The strangest thing happened, each time I thought there would be an obstacle—the weather, running late, the weather, texts of a tummy bug at home, the weather—the obstacle didn’t triumph.
Three minutes to spare for the train.
An extra pair of gloves.
A text that everyone went to sleep.
A warm bench seat and a wide-screen playing the SNL 40th show.
This morning my nerves were operating at maximum strength, which they always do when it comes to public speaking. I think that the surge of adrenaline, the shaky throat, the hyper-foot tapping makes me stronger, not in the moment, but as I piece together words and moments of eye contact, I make ground. My standard line is—if you aren’t a little nervous, then why do it?
I had my trusty cough drop with the little pep talk bits on the wrapper, my notes, such as they were scribbled, and my dear colleague Paul Cummings from Chazen Companies next to me. Beyond Paul were four other men that I’ve worked with for several years on our Newcomb projects. We were in it together, but when one passed a note that said, “Over one hundred” I blanched.
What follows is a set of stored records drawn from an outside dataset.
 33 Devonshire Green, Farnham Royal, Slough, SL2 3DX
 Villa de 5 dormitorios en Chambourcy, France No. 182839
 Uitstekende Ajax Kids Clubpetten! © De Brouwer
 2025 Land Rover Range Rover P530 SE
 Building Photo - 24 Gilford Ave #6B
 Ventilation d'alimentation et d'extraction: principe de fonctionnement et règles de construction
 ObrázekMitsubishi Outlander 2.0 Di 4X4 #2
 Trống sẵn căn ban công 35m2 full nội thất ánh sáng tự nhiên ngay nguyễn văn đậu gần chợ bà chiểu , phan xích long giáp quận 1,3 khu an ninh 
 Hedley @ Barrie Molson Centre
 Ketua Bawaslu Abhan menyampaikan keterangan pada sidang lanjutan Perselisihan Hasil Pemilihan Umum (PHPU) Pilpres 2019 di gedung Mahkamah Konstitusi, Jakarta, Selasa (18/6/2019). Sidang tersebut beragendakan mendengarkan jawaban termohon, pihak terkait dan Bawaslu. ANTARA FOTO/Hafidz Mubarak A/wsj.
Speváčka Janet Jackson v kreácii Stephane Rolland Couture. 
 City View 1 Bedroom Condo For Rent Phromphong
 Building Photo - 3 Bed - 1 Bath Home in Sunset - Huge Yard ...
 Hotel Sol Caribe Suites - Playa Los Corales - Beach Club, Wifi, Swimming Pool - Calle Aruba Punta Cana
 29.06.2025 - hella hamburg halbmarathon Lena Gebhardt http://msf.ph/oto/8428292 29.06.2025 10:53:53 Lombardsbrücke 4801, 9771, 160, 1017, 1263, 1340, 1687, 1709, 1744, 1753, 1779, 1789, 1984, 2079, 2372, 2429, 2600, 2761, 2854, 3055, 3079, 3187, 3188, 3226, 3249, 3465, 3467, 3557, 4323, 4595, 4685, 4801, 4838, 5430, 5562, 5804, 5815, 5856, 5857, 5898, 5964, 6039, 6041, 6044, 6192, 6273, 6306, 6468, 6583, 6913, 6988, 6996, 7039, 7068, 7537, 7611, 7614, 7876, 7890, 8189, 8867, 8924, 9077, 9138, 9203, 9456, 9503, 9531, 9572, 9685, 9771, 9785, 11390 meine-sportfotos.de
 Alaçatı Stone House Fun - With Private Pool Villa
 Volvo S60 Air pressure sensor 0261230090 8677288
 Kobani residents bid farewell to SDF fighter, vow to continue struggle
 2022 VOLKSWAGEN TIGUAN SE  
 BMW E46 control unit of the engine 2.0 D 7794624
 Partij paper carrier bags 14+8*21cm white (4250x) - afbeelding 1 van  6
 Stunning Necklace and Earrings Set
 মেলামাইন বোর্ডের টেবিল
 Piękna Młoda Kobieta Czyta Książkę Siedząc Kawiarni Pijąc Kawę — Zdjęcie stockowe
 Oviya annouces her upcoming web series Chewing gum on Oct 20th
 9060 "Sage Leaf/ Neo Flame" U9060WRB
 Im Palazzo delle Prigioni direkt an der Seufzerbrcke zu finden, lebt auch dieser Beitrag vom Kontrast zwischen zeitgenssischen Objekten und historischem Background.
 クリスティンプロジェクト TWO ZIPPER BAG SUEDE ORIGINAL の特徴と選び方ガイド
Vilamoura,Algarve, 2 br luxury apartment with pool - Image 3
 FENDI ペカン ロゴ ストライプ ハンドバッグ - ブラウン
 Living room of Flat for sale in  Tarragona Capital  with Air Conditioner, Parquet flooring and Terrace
The things that run through my head are random and potent—the girls, my company, do I have something in my teeth, can they see that my lip is twitching, the campaigns I worked on for my parents growing up, how badly I want to do right by my clients and my family. I realize that I am gushing and writing this on a high, but today was a good day and the culmination of years of work. It is thanks to hard work, friendship, professional alliances, family, and maybe just a little bit of love from the universe.
For all the times I’ve called you a dog, Monday, today you were alright.